Stored items

============================================================

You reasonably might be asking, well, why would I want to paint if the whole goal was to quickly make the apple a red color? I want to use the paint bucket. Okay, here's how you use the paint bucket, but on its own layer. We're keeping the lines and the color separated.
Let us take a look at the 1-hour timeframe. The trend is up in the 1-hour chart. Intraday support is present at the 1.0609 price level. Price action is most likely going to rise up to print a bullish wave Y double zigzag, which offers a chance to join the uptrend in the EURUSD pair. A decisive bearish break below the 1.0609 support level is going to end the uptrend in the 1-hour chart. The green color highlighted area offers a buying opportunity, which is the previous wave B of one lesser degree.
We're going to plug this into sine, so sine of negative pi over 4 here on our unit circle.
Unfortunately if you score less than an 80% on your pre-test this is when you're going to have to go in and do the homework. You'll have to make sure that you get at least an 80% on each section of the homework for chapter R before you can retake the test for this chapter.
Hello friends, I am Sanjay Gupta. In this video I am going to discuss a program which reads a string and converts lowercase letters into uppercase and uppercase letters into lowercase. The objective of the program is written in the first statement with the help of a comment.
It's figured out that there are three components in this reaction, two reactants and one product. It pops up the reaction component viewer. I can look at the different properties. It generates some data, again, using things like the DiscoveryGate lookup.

============================================================

- Exercise details
In the entries above, tally the lines that include the string "this". Give the figure only.

- Answer box
4